Inability to show that alcohol caused accident nixes benefit reduction
Acuity Insurance Co. v. Labor & Industry Review Commission, No. 2008AP297 (Wis. Ct. App. 11/19/08).
Ruling: The Wisconsin Court of Appeals affirmed the Labor & Industry Review Commission's dismissal of the plaintiff's claim for decreased compensation.
What it means: To be entitled to the death benefit payment reduction under Wisconsin law, a carrier must present credible and substantial evidence that the employee was intoxicated at the time of his injury and that his injury was causally related to such intoxication.
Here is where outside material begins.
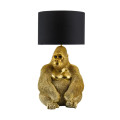 Art deco stolní lampa Tierra Glam s podstavou se sochou sedící opice v lesklém zlatém provedení s detaily srsti a obličeje s černým textilním stínítkem válcovitého tvaru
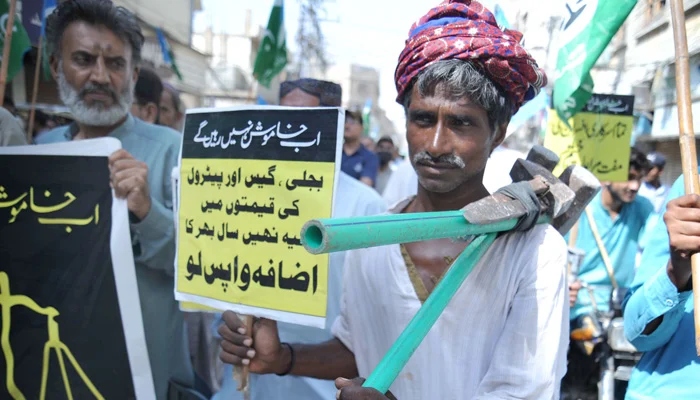 A labourer participates in a protest rally against the surge in electricity and fuel prices in Hyderabad on September 2, 2022. — Online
Summary: The claimant was a truck driver who was killed when his truck crossed a center line, crashed through a guardrail, plummeted down an embankment, and collided with a freight train. The workers' compensation carrier conceded liability but alleged it was entitled to decreased compensation payments under Wisconsin law. Under the relevant statute, if a fatal injury results from the employee's intoxication, the death benefit provided shall be reduced by 15 percent, but the total reduction may not exceed $15,000.
The Court of Appeals concluded that the commission was entitled to deny the claim for a decrease in compensation if it had legitimate doubts about whether the employee was intoxicated or whether a link existed between his intoxication and his fatal injury.
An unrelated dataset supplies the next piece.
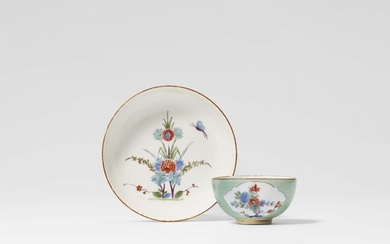 A Meissen porcelain tea bowl and saucer with seafoam green ground and Kakiemon decor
The analysis on the blood sample taken from the claimant detected no drugs but was declared invalid for ethanol alcohol due to contamination by diesel fuel. The carrier also submitted state lab reports and the report of an occupational medicine consultant. The administrative law judge noted a number of discrepancies which prevented the ALJ from conclusively establishing that the claimant's "alleged intoxication" was the reason for the accident. Further, there were questions regarding the methodology used by the expert and his qualifications to perform forensic analysis. The ALJ also reasoned that the validity and reliability of the testing methods may have affected the outcome of the tests.